▽

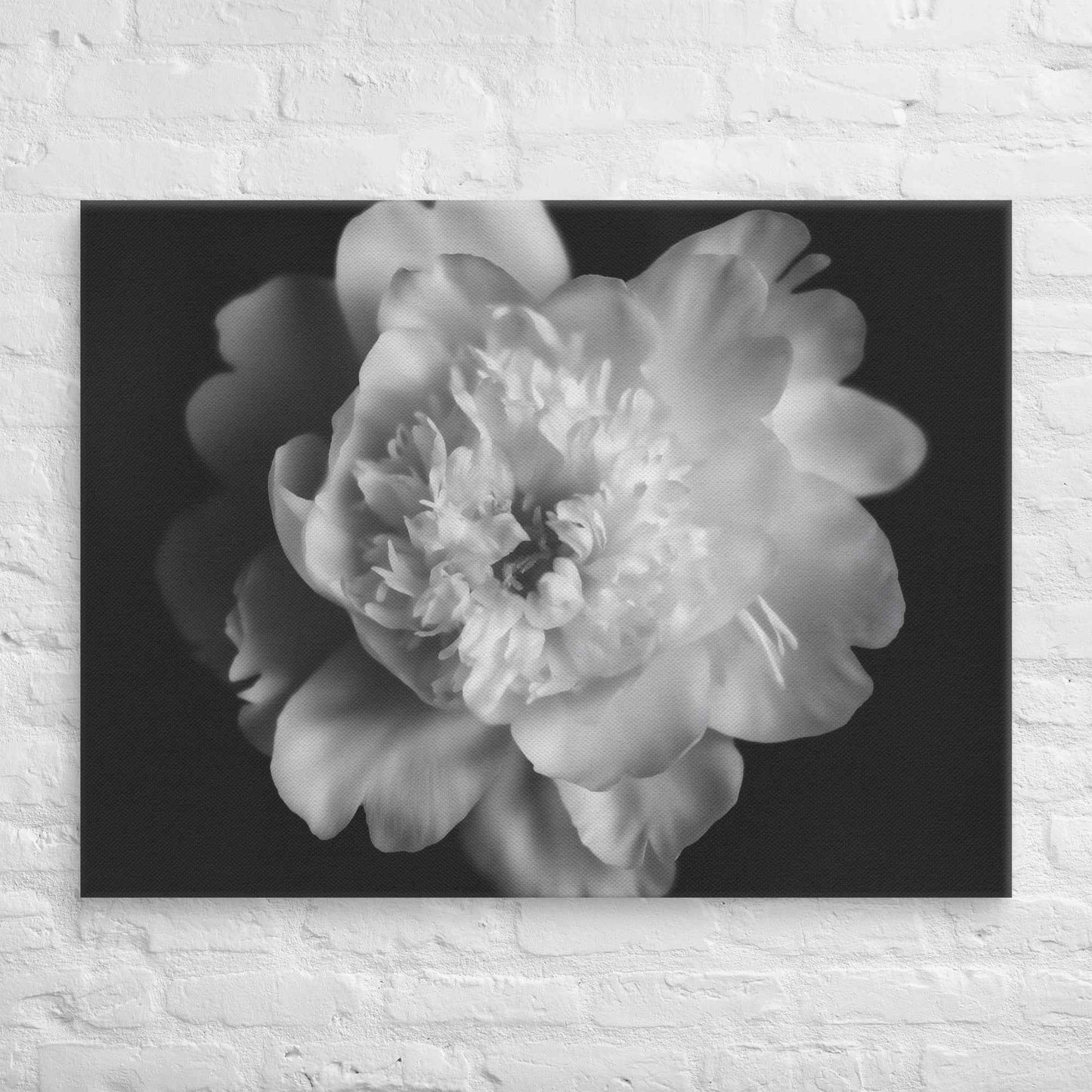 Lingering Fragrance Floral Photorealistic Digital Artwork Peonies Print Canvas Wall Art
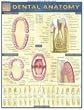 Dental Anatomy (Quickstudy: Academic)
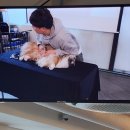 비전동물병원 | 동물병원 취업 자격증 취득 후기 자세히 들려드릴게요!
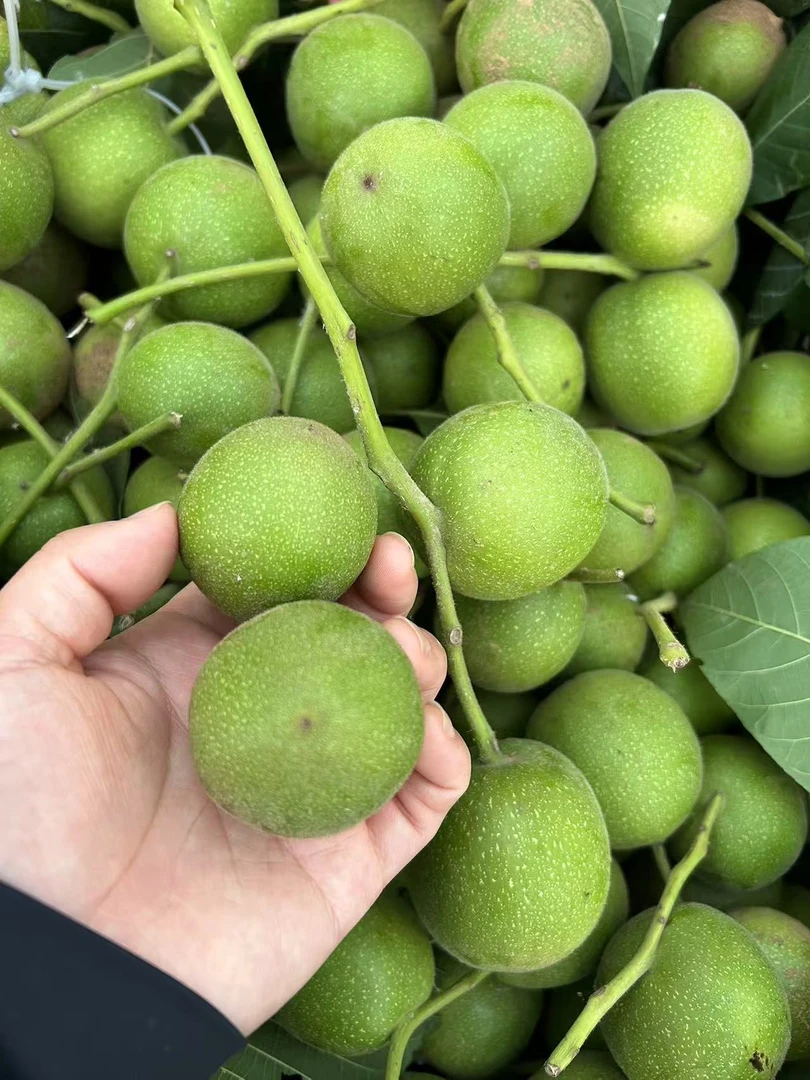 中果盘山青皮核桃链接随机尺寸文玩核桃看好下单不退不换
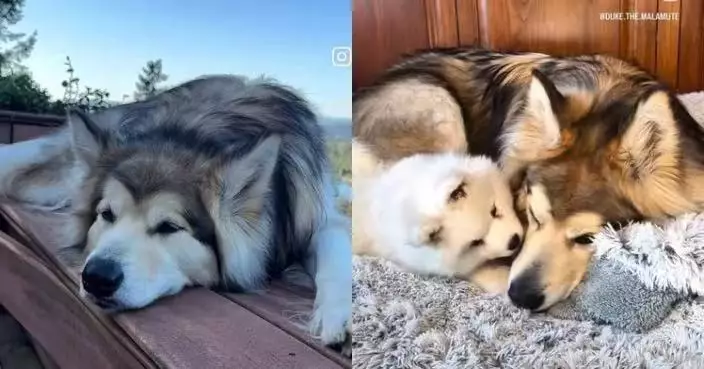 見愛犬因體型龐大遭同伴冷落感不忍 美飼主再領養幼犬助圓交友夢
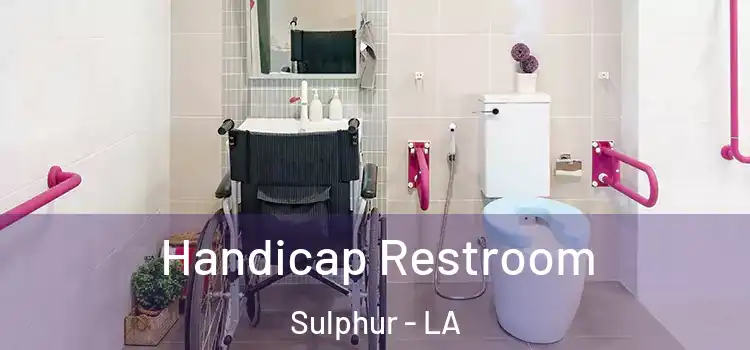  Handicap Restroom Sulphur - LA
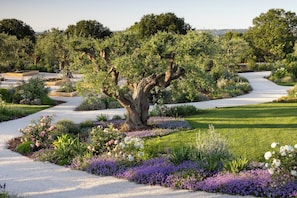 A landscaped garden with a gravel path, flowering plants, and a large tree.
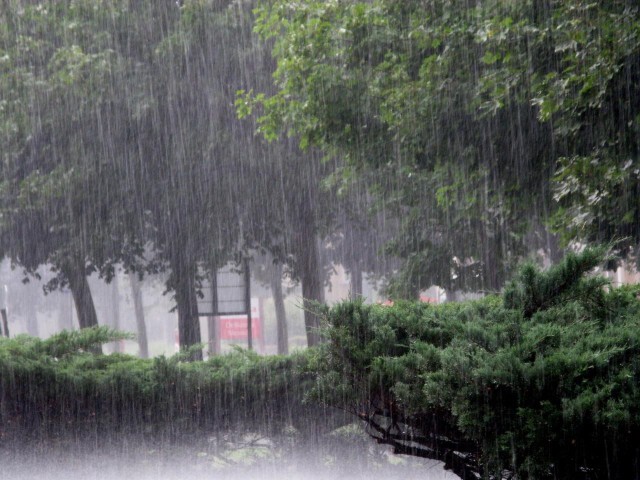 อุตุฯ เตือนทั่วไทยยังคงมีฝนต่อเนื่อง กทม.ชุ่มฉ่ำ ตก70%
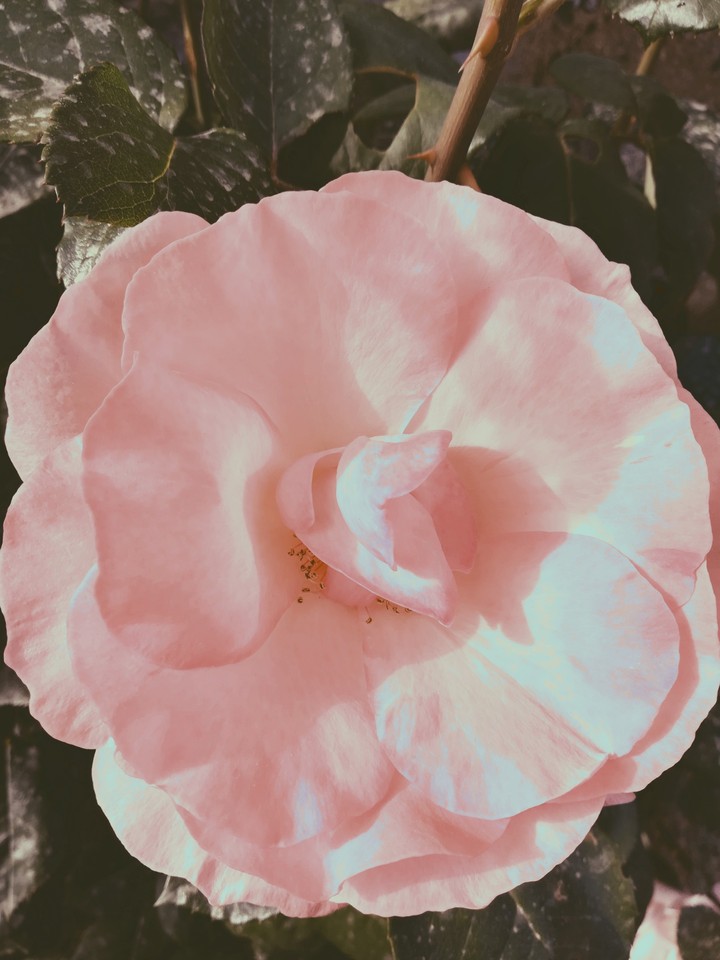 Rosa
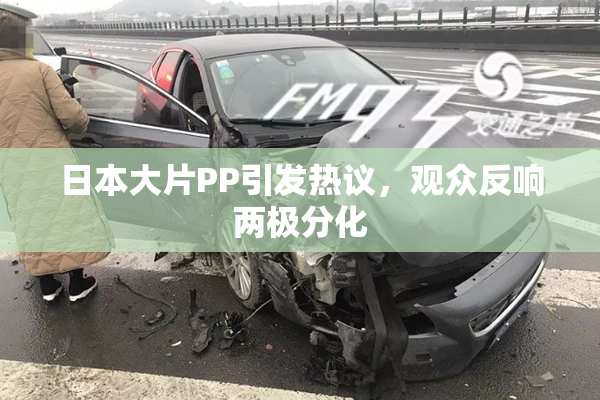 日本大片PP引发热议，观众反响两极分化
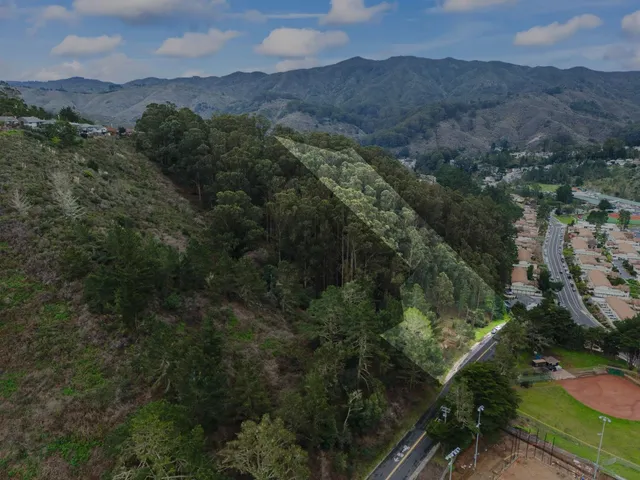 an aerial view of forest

△

== Your objective ==
Return exactly the stretch above whose first line contains "Dental Anatomy (Quickstudy: Academic)" and whose last line contains "日本大片PP引发热议，观众反响两极分化", and nothing outside it. The pictures should not appear.

== Completed task ==
 Dental Anatomy (Quickstudy: Academic)
 비전동물병원 | 동물병원 취업 자격증 취득 후기 자세히 들려드릴게요!
 中果盘山青皮核桃链接随机尺寸文玩核桃看好下单不退不换
 見愛犬因體型龐大遭同伴冷落感不忍 美飼主再領養幼犬助圓交友夢
  Handicap Restroom Sulphur - LA
 A landscaped garden with a gravel path, flowering plants, and a large tree.
 อุตุฯ เตือนทั่วไทยยังคงมีฝนต่อเนื่อง กทม.ชุ่มฉ่ำ ตก70%
 Rosa
 日本大片PP引发热议，观众反响两极分化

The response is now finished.